While picking a plant that resembles male genitalia, putting it in a vase, and presenting it to your lover may sound like a good idea, conservationists would beg to differ. Cambodian government officials are currently urging locals to stop picking a rare plant colloquially known as the “carnivorous penis plant,” which has become a popular selfie prop in the area.
As silly as it sounds, this is a serious conservation issue, and it could cause the plant — officially called the Nepenthes bokorensis, and also referred to as the Cambodian pitcher plant — to go extinct.
Cambodia is asking people to stop touching the carnivorous penis plant.
In May 2022, Cambodia’s Ministry of Environment took to Facebook to shed light on this issue.
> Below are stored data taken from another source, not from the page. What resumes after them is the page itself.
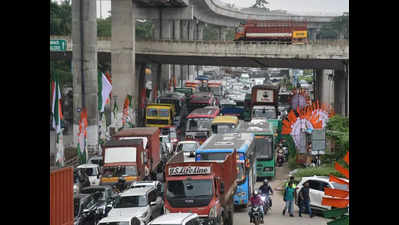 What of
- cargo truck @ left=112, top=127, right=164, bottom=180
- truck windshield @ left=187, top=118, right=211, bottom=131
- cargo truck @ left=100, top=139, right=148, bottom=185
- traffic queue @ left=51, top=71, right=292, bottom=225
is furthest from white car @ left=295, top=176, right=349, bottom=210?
truck windshield @ left=187, top=118, right=211, bottom=131

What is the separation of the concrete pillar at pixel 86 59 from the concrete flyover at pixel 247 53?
38.0ft

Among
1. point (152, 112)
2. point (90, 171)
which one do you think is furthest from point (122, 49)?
point (90, 171)

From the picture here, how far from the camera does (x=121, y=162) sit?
29.2 m

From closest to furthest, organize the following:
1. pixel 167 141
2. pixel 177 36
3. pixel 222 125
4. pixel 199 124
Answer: pixel 222 125 → pixel 167 141 → pixel 199 124 → pixel 177 36

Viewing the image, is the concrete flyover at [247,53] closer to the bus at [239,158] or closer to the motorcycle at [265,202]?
the bus at [239,158]

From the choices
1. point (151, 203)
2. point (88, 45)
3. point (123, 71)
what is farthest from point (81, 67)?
point (151, 203)

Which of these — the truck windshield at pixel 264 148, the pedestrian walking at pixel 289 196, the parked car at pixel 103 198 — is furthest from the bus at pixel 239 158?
the truck windshield at pixel 264 148

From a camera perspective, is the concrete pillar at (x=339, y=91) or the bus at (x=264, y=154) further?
the concrete pillar at (x=339, y=91)

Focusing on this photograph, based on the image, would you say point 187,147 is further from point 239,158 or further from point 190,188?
point 190,188

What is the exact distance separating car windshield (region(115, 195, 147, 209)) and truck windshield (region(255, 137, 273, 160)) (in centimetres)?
1148

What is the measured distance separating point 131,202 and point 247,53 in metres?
36.7

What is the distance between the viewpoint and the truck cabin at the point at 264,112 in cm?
5067

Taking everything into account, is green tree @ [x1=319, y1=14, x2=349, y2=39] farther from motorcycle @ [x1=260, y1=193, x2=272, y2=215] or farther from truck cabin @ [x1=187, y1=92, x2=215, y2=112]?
motorcycle @ [x1=260, y1=193, x2=272, y2=215]

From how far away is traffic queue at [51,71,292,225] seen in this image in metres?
20.9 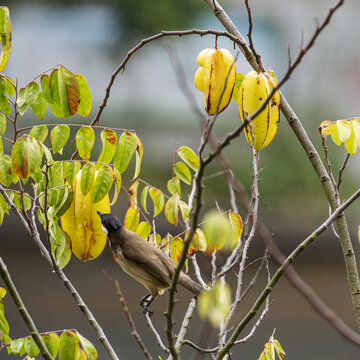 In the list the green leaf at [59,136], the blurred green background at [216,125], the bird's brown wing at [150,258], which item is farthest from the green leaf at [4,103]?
the blurred green background at [216,125]

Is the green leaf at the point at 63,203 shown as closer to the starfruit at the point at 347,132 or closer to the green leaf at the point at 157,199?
the green leaf at the point at 157,199

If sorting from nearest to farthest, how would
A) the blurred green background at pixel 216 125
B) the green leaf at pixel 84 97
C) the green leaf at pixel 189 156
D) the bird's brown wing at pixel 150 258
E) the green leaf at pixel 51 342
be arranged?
the green leaf at pixel 51 342 < the green leaf at pixel 84 97 < the green leaf at pixel 189 156 < the bird's brown wing at pixel 150 258 < the blurred green background at pixel 216 125

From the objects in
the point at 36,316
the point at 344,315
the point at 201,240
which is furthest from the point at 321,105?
the point at 201,240

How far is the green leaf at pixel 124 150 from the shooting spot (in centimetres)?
156

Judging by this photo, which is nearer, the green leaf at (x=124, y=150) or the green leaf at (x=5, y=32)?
the green leaf at (x=5, y=32)

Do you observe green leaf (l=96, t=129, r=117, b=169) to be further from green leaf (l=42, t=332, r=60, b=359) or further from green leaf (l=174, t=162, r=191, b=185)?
green leaf (l=42, t=332, r=60, b=359)

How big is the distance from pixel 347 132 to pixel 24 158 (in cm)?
74

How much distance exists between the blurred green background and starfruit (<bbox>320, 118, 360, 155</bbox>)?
17.2ft

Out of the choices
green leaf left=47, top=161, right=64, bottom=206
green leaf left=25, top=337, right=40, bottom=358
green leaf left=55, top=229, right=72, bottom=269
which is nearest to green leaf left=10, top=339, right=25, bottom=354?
green leaf left=25, top=337, right=40, bottom=358

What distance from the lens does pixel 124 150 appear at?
5.13ft

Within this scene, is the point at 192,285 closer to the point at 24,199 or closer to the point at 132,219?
the point at 132,219

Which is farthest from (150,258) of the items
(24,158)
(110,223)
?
(24,158)

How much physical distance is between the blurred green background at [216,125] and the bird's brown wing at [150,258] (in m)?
4.79

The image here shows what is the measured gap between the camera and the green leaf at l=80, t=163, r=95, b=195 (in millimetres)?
1472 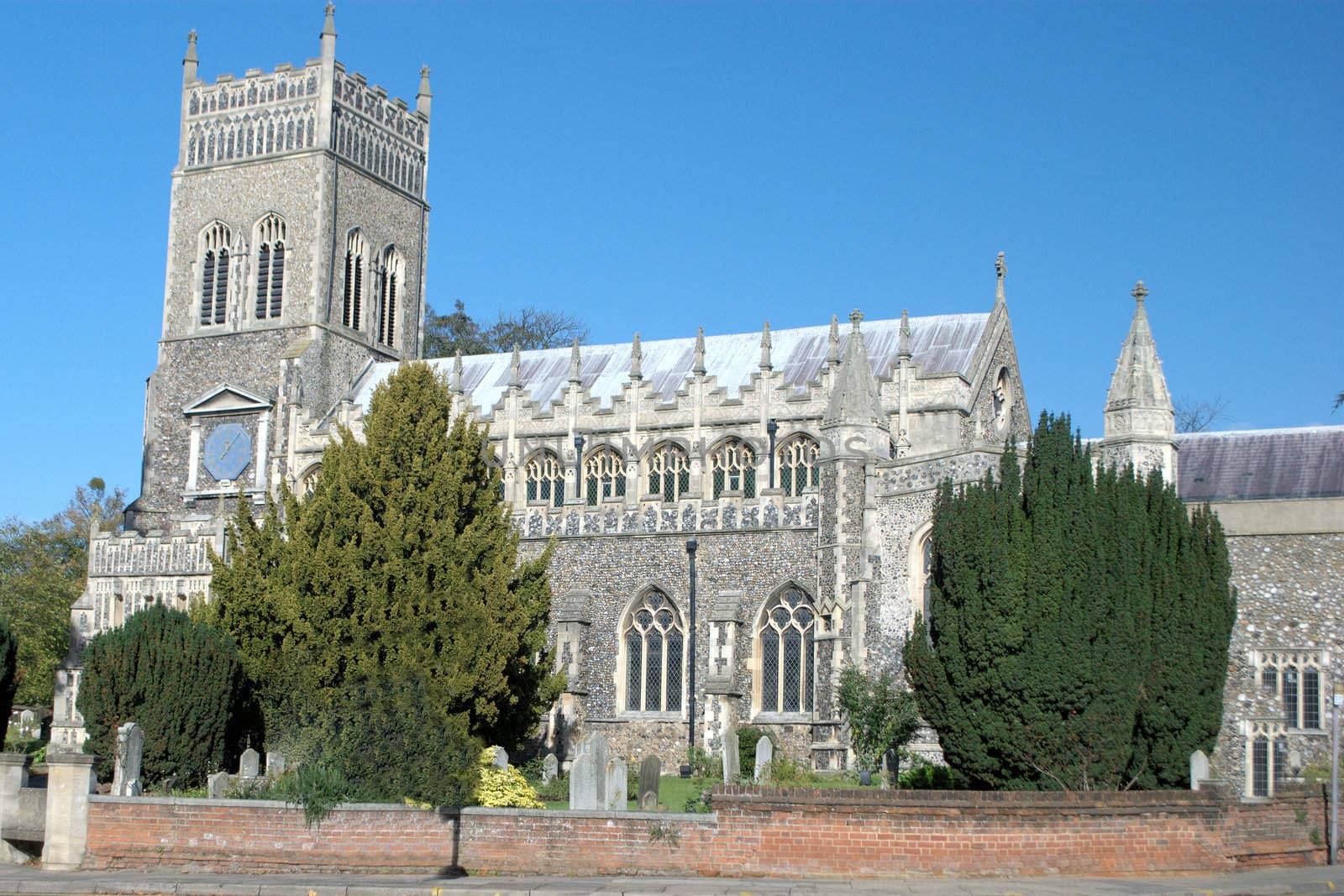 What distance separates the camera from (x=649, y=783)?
21078 mm

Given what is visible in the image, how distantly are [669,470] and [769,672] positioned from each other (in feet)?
23.7

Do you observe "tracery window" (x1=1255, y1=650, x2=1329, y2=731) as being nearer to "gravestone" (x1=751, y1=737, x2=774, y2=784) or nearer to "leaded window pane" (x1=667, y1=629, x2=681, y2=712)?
"gravestone" (x1=751, y1=737, x2=774, y2=784)

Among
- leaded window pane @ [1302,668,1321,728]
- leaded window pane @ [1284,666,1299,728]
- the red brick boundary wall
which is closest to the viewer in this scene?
the red brick boundary wall

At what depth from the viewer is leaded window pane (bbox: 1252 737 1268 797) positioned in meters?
23.5

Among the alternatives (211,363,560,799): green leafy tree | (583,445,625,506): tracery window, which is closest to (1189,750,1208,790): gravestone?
(211,363,560,799): green leafy tree

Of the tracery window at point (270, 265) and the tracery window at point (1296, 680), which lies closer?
the tracery window at point (1296, 680)

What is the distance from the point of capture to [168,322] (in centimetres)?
4428

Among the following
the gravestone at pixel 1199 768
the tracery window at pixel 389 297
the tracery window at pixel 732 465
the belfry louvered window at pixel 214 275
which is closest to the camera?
the gravestone at pixel 1199 768

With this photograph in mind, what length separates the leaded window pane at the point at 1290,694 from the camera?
80.5 feet

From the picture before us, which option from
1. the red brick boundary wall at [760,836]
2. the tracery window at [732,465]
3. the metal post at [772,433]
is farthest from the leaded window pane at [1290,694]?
the tracery window at [732,465]

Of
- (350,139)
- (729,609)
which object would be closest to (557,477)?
(729,609)

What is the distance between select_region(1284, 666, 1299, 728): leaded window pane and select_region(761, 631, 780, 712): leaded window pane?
976cm

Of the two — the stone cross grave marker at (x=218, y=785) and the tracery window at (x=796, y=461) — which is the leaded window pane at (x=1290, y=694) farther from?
the stone cross grave marker at (x=218, y=785)

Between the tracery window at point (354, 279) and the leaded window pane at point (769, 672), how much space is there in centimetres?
1782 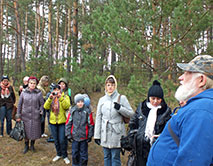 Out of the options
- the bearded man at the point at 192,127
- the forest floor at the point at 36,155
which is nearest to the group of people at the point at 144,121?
the bearded man at the point at 192,127

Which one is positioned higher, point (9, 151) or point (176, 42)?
point (176, 42)

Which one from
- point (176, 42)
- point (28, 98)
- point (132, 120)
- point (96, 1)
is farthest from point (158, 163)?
point (96, 1)

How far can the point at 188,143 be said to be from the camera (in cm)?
108

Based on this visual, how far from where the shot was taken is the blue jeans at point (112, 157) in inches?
127

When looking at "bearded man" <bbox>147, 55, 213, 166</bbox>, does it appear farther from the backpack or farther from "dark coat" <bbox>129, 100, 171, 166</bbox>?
the backpack

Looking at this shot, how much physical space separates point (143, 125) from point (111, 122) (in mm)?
736

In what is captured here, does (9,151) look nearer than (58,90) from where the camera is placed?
No

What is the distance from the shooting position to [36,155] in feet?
14.7

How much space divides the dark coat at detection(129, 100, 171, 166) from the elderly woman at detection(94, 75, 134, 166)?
432mm

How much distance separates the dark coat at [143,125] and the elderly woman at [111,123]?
43cm

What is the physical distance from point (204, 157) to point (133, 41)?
3.95 meters

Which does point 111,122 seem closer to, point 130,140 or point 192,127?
point 130,140

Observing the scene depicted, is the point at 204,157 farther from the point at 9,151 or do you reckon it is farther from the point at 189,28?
the point at 9,151

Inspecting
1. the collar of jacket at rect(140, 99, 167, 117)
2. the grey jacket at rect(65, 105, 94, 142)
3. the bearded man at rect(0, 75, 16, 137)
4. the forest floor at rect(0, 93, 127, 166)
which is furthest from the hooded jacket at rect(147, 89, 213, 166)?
the bearded man at rect(0, 75, 16, 137) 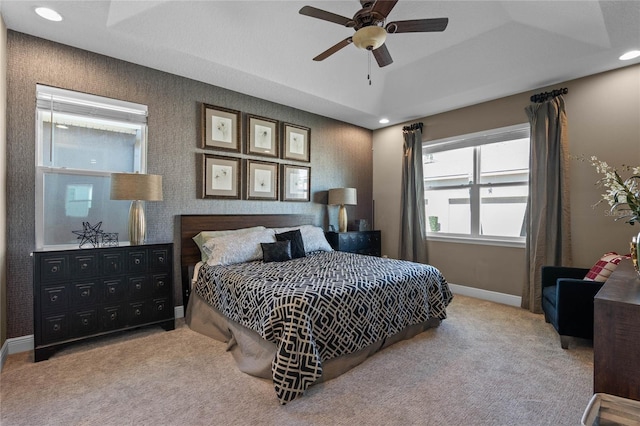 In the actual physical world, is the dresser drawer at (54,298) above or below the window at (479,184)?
below

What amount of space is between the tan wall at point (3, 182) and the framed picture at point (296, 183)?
2.85 m

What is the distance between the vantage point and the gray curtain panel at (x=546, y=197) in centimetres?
351

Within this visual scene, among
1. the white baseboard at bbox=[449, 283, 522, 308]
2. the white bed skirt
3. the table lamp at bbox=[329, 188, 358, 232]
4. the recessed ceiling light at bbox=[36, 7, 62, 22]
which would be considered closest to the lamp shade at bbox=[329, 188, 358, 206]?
the table lamp at bbox=[329, 188, 358, 232]

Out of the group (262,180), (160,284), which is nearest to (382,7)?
(262,180)

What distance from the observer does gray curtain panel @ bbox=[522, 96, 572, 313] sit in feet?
11.5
The official government Facebook page shared a few photos of young women in a field, cheekily posing with handfuls of pitcher plants they had just picked from the ground.
And, as you can see, the plants resemble male genitalia when photographed from specific angles.
However, the Ministry of Environment was not simply sharing the photos for a laugh — the department included a caption warning people to stop picking these plants, however funny it may be to them. According to a translation, the caption reads: “What they are doing is wrong and please don't do it again in the future! Thank you for loving natural resources, but don't harvest so it goes to waste!”
But what exactly is this plant, and why is it so important?
The carnivorous penis plant is actually the ‘Nepenthes bokorensis.’
Cambodian news outlet the Khmer Times identified the plant as the Nepenthes holdenii; however, Live Science reported that that is incorrect. According to the website, which conferred with two experts on the matter, the phallic plant in question is actually Nepenthes bokorensis, which is closely related to the holdenii.
As with any other plant, picking a Nepenthes bokorensis out of the ground kills it. As more and more people pluck these from the ground, the unique species grows closer to dying out.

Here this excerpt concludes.